Moral Sowing and Reaping.
I. Beneficence by the taught towards the teacher is sowing good seed.—“Let him that is taught in the word communicate unto him that teacheth in all good things” (ver. 6). The good things referred to, though not confined to temporal good, do certainly mean that. While every man must bear his own burden, he must also help to bear the burden of his brother. Especially must the taught go shares with his spiritual teacher in all things necessary. But beneficence shown towards the minister in temporalities is the least, and with many the easiest, part of the duty. Teacher and taught should mutually co-operate with each other in Christian work, and share with each other in spiritual blessings. The true minister of the Gospel is more concerned in eliciting the co-operation and sympathy of the members of his Church than in securing their temporal support. If he faithfully ministers to them in spiritual things, they should be eager to minister unto him of their worldly substance, and to aid him in promoting the work of God. Every good deed, done in the spirit of love and self-sacrifice, is sowing good seed.

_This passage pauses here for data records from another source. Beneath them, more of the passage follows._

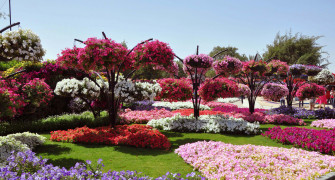 Most Beautiful Garden Wallpaper On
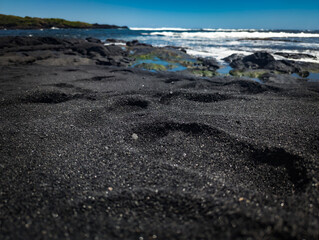 Punaluu Black Sand Beach Hawaii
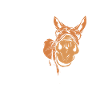 Funny donkey lover gift
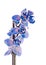 Blue branch orchid flowers, Orchidaceae, Phalaenopsis known as the Moth Orchid.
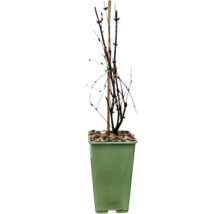 Rastlina s oporným kolíkom v kvetináči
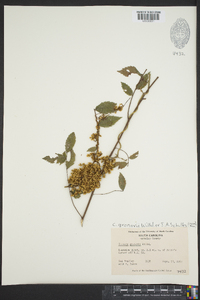 Cuscuta gronovii image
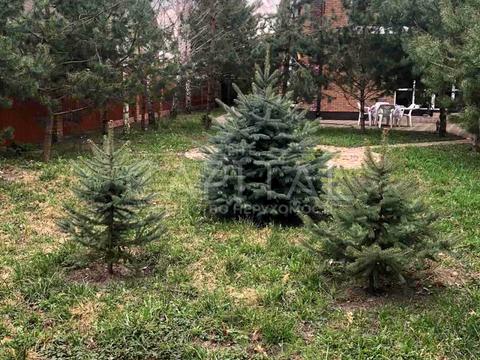 будинок за адресою Осокорки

II. By the operation of unchanging Divine law the reaping will correspond to the kind of seed sown and the nature of the soil into which it is cast.—“Be not deceived; God is not mocked; for whatsoever a man soweth, that shall he also reap. For he that soweth to his flesh,” etc. (vers. 7, 8). Men may wrong each other, but they cannot cheat God. To expect God to sow His bounties upon them, and not to let Him reap their gratitude and service, is mockery. But it is not God they deceive; they deceive themselves. For at last every one shall reap as he sows. The use made of our seed-time determines exactly, and with a moral certainty greater even than that which rules in the natural field, what kind of fruitage our immortality will render. Eternity for us will be the multiplied, consummate outcome of the good or evil of the present life. Hell is just sin ripe—rotten ripe. Heaven is the fruitage of righteousness. “He that soweth to his own flesh reaps corruption”—the moral decay and dissolution of the man’s being. This is the natural retributive effect of his carnality. The selfish man gravitates downward into the sensual man; the sensual man downward into the bottomless pit. “He that soweth to the Spirit reaps life everlasting.” The sequence is inevitable. Like breeds its like. Life springs of life, and death eternal is the culmination of the soul’s present death to God and goodness. The future glory of the saints is at once a divine reward and a necessary development of their present faithfulness (Findlay, passim).
III. Sowing the seed of good deeds should be prosecuted with unwearied perseverance.—1. Because the harvest is sure to follow. “Let us not be weary in well doing: for in due season we shall reap, if we faint not” (ver. 9). Here is encouragement for the wearied, baffled worker. We have all our moments of despondency and disappointment and are apt to imagine our labours are futile and all our painstaking useless. Not so. We are confounding the harvest with the seed-time. “In due season”—in God’s time, which is the best time—“we shall reap, if we faint not.” Our heavenly harvest lies in every earnest and faithful deed, as the oak with its centuries of growth and all its summer glory sleeps in the acorn-cup, as the golden harvest slumbers in the seeds under their covering of wintry snow.
2. Because the opportunity of doing good is ever present.—“As we have opportunity let us do good unto all men, especially unto them who are of the household of faith” (ver. 10). The whole of life is our opportunity, and every day brings its special work. Opportunity is never to seek; it is ever present. There is not a moment without a duty. While we are looking for a more convenient opportunity, we lose the one that is nearest to us. As members of the household of faith there is ever work enough to do—work that fits us to do good on a wider scale—“unto all men.” True zeal for the Church broadens rather than narrows our charities. Household affection is the nursery, not the rival, of love to our fatherland and to humanity.
Lessons.—1. Our present life is the seed-time of an eternal harvest. 2. The quality of the future harvest depends entirely on the present sowing. 3. God Himself is the Lord of the moral harvest.
GERM NOTES ON THE VERSES.
Ver. 6. Pastors and People.
I. It is the duty of the people to give their pastors not only countenance but maintenance.
II. It is the law of nations, and a conclusion grounded on common equity, that those who spend themselves, as a candle, to give light to others and for the common good of all, should be maintained of the common stock by all.